Lang identified significant concerns with the reliability of the hair tests for the entire 2005-2015 period she was assigned to review. But the tests Motherisk conducted before 2010 were particularly problematic. During this period, the lab did not have the capability to confirm results with so-called gold-standard testing, and relied on a preliminary screening test, despite the fact that “the requirement to carry out a confirmation test on any preliminary positive results . . . was highlighted in both the literature and in all internationally recognized hair-testing standards well before 2005,” Lang concluded.

There was also a written caution included in the screening test that Motherisk used stating that it “provides only a preliminary analytical test result. A more specific alternate chemical method must be used in order to obtain a confirmed analytical result.”

Yet Motherisk “very rarely” sent samples to its reference laboratory for such confirmation and failed to inform children’s aid societies and other customers that the results were only preliminary, Lang found.

From 2005 to 2010, Koren signed each of the result reports before they were released, but neither he nor anyone else at Motherisk checked the work of the technician who performed virtually all of the tests, Lang concluded. (Although her review was limited to the 2005-2015 period, Lang reported that Motherisk started performing hair tests for use in child protection proceedings in the 1990s.)

Koren has never spoken publicly about the Motherisk controversy.
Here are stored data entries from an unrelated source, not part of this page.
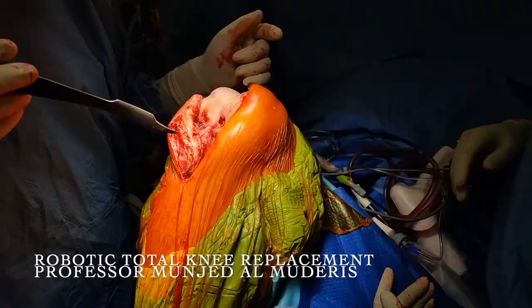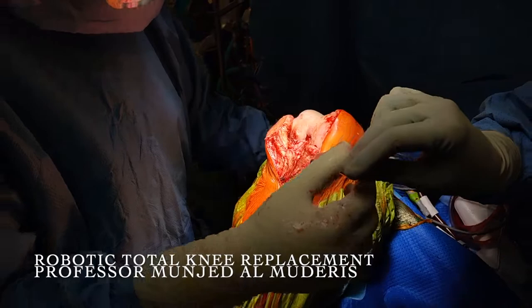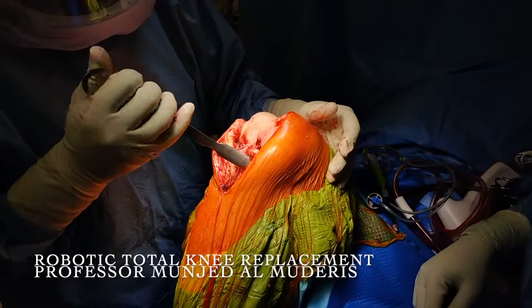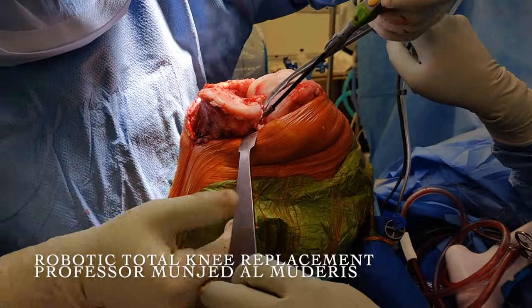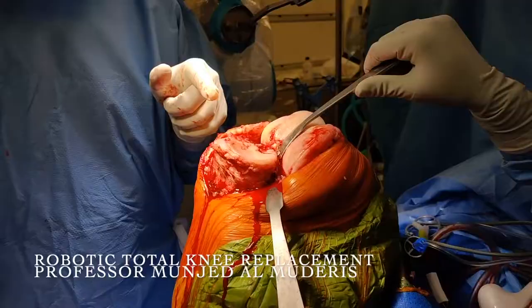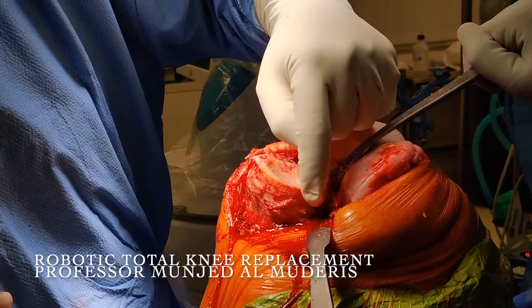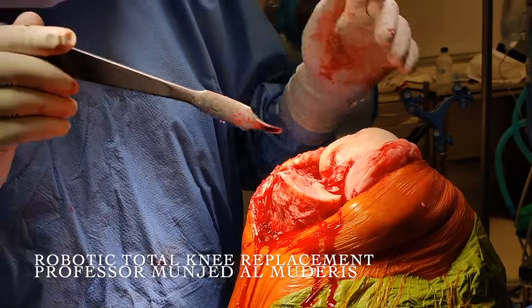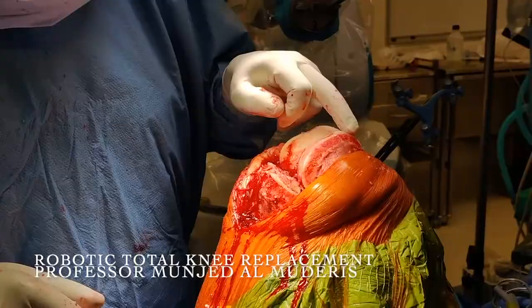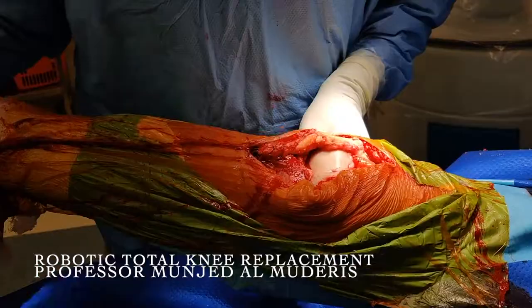This patient has severe varus malalignment, so it is mandatory that we perform extensive soft tissue releases in order to achieve balancing. I release the deep fibres of the medial collateral ligament but maintain the superficial fibres. We sublux the knee anteriorly. There are significant osteophytic changes on the medial side of the proximal tibia, and we carefully remove these osteophytes from the medial proximal tibia and the medial aspect of the femur. After removing the medial osteophytes of the femur, there is significantly more laxity medially, allowing the patient to have proper balancing.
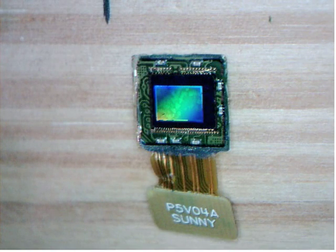Much thanks to Gary from Reading for starting out these instructions. I'm going to try to do a clearer version with my video microscope.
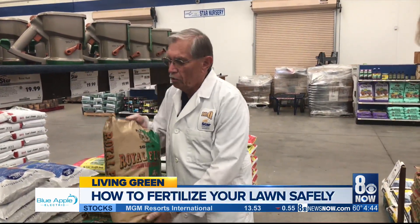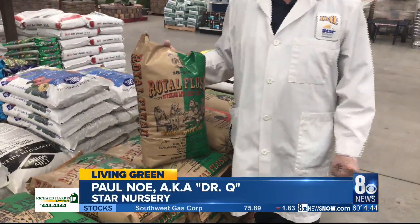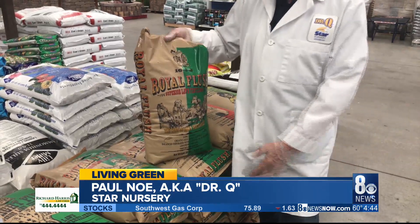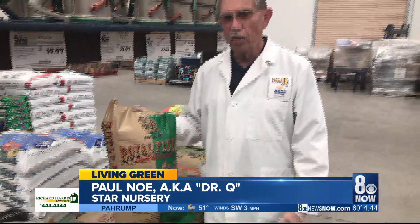Most lawns in town are fescue lawns, which are narrow leaf evergreen and pretty much stay green all year round as long as you keep them fertilized and watered well. So this fertilizer right here that we have — Royal Flush — is actually a good one to use pretty much all year round, rather than using a cold weather fertilizer during the winter and a different one during the summer. This one can be used all year round.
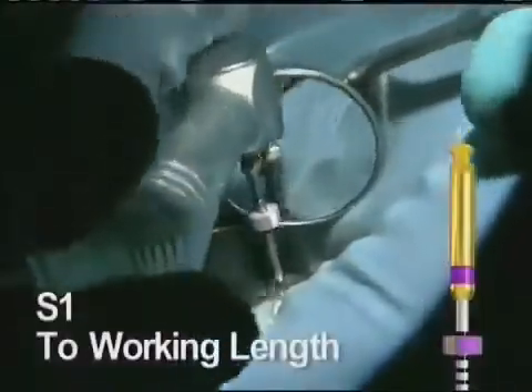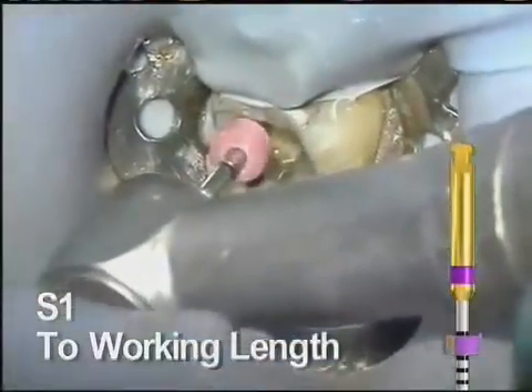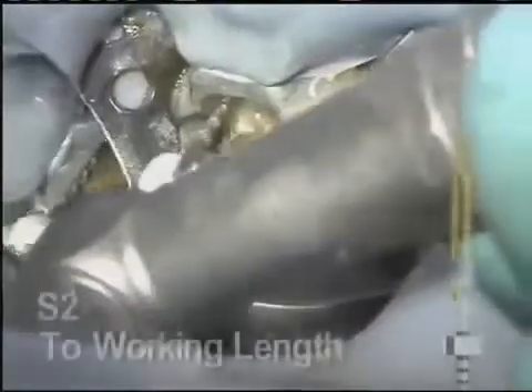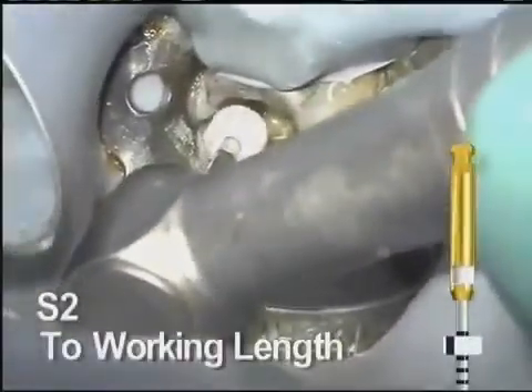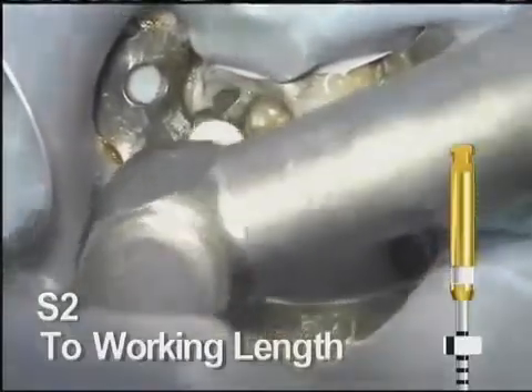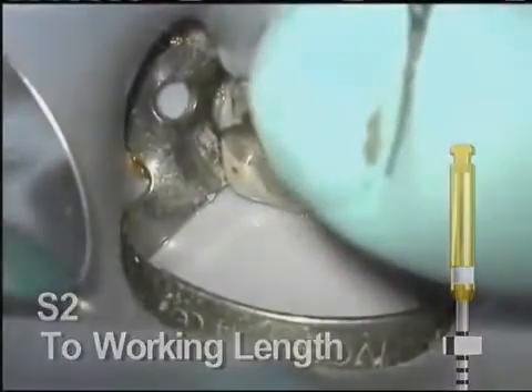These instruments create enough of a glide path to allow the ProTaper Universal instruments to comfortably shape the apical portion of the canal. S1 is reintroduced and is easily taken to length. Once it reaches working length, remove it. The S2 easily follows to length and the canal has a nice tapered shape throughout. Always remove, clean, and inspect every rotary instrument frequently throughout the procedure.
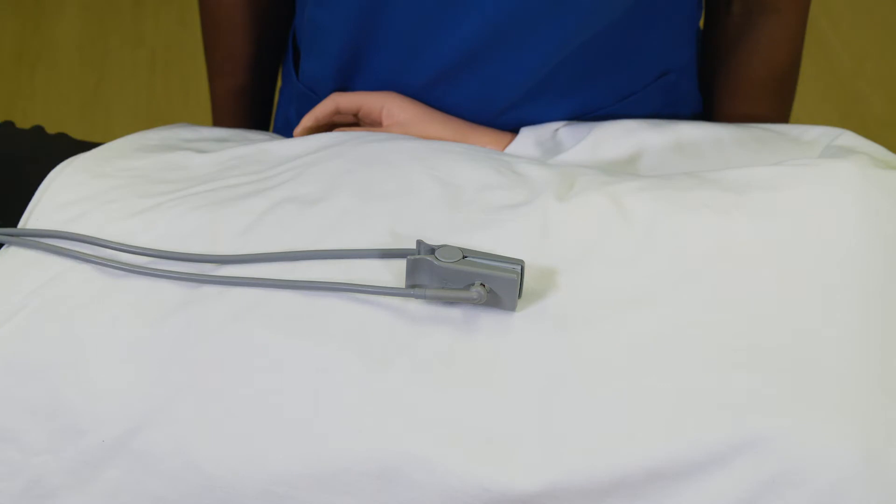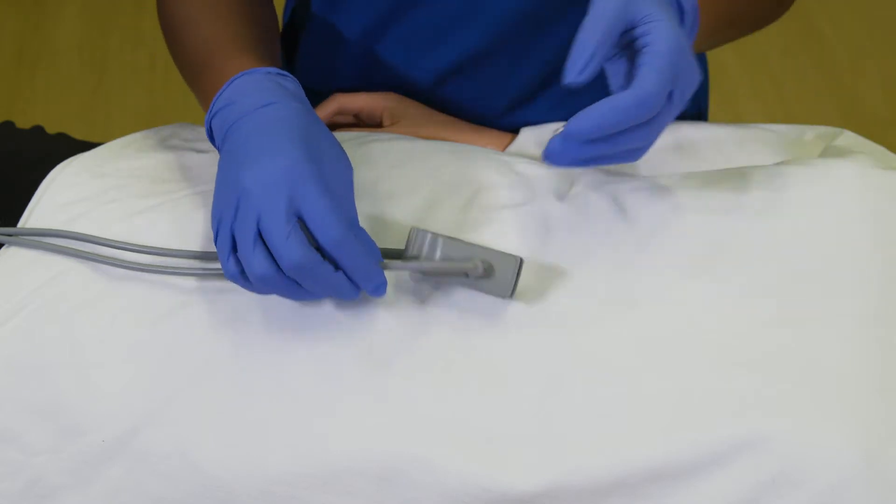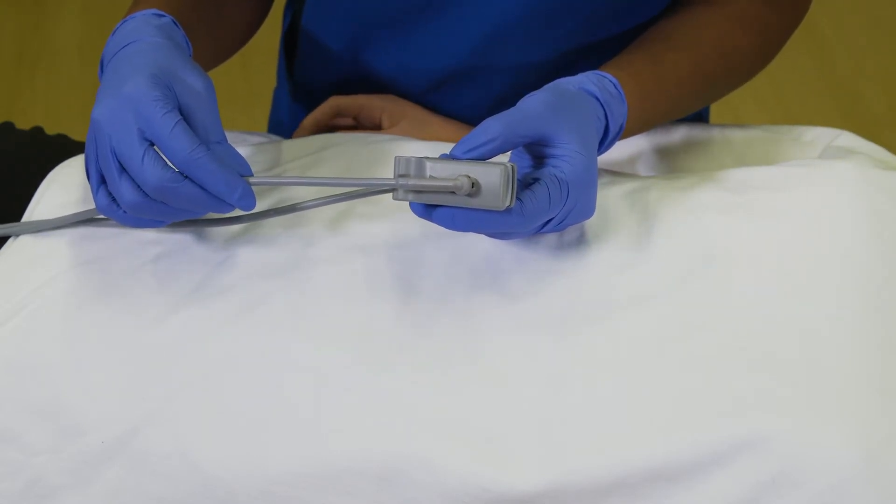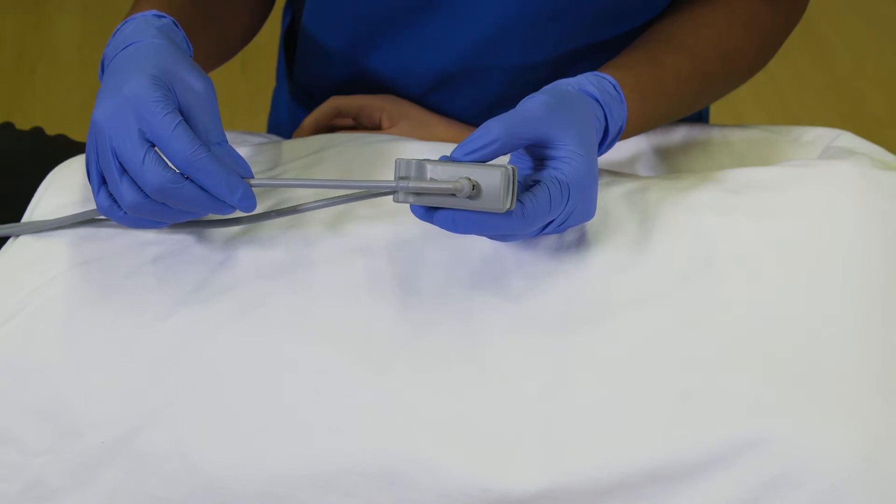After you have selected which attachment is best for your patient, attach it to the SPO2 probe. When changing out the attachments, be careful not to pull from the fiber optic part of the SPO2 probe. It is fragile and will break over time if continuously pulled.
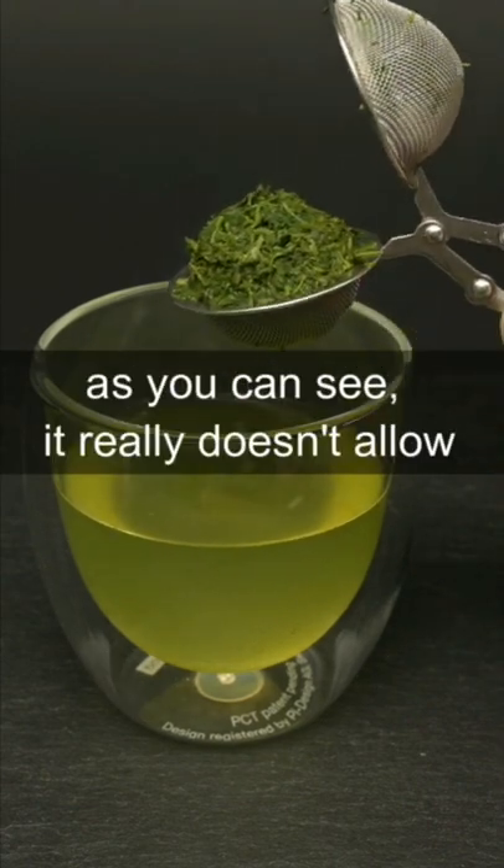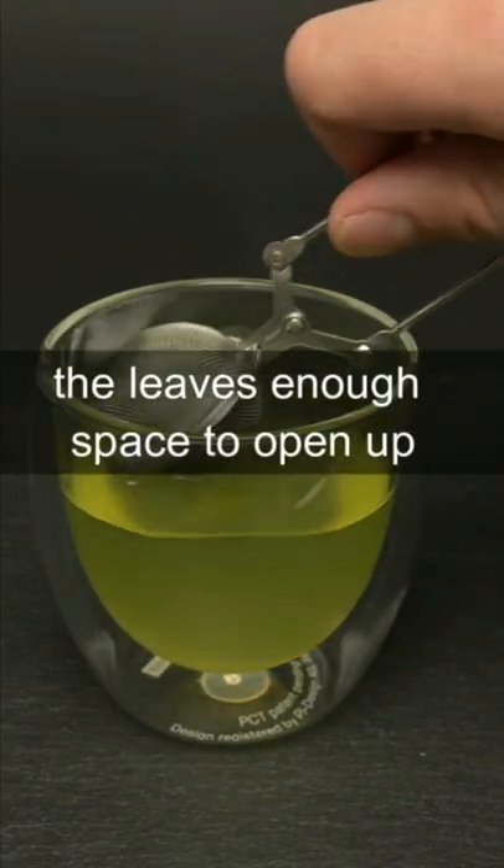This strainer is not a good tool to make green tea. As you can see, it really doesn't allow the leaves enough space to open up and release their flavor.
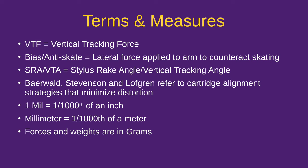You'll hear the terms Behrwald, Stevenson, and Lofgren. They all refer to cartridge alignment strategies that minimize distortion, and this is usually built into the tonearm. Every manufacturer has some way of setting up their tonearm to achieve either a Behrwald, Stevenson, or Lofgren curve. If you buy a turntable that's ready to go, it should be pre-aligned one way or the other. Now let's talk about some of the measures you'll hear. We interchange imperial and metric quite freely in the world of records, so you just have to deal with that.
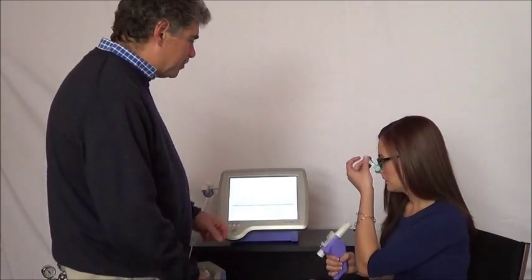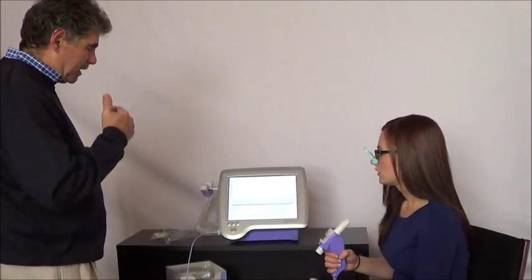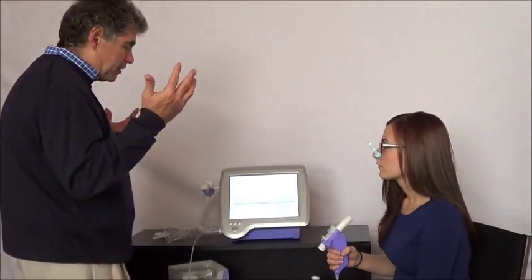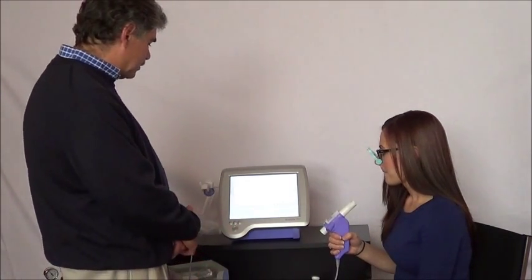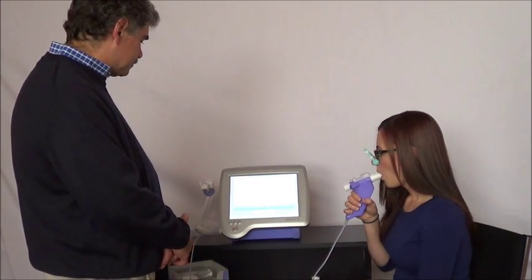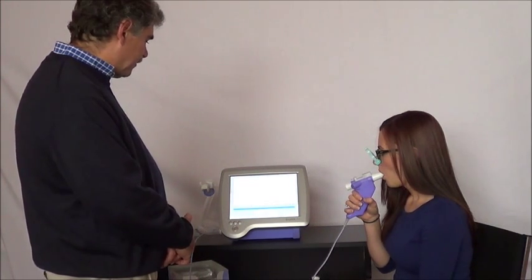I might like your tidal breathing to be just a little more consistent. When you start breathing, try to focus on just breathing as naturally and normally as possible. Then after a moment I'll ask you to start filling your lungs completely and then exhaling completely. I'm going to choose that trial — let's try to get one more good slow vital capacity. So whenever you're ready, breathe normally.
The SickKids’ investigation revealed that Motherisk had misled the hospital for several years about its proficiency testing process. It also exposed a privacy breach at the Motherisk call centre resulted in staff using records in at least 70 cases to contact people for their consent to use their data without the approval of the hospital’s Research Ethics Board.

Following questions from the Star in 2015 about Koren’s ties to the Quebec-based drug company Duchesnay, the maker of Diclectin, a popular morning sickness drug that Motherisk endorsed, the hospital implemented new conflict-of-interest policies and added a disclosure on the Motherisk website.

An ongoing probe of thousands of individual child protection cases in Ontario that relied on Motherisk testing has so far identified 24 cases in which the hair tests played a key role in the decision to remove children from their families.

Koren and SickKids are named as co-defendants in several lawsuits seeking damages on behalf of parents who claim they lost custody of their children due to Motherisk’s flawed hair tests.

In his online profile at Maccabitech in Israel, Koren is described as “the author of more than 1,600 scientific papers.” The Lang review identified six articles he co-authored that incorrectly stated that results obtained using the screening test had been confirmed with a gold-standard method “when that was not so.”

Koren declined an interview request from Lang’s lawyers, but in written submissions he provided through his lawyers, he said that letters had been “sent to the editors of these journals advising them of the errors in the descriptions of the methods used.” Editors of three of the affected journals have confirmed they received letters. The editor of a fourth journal did not respond to a request from the Star.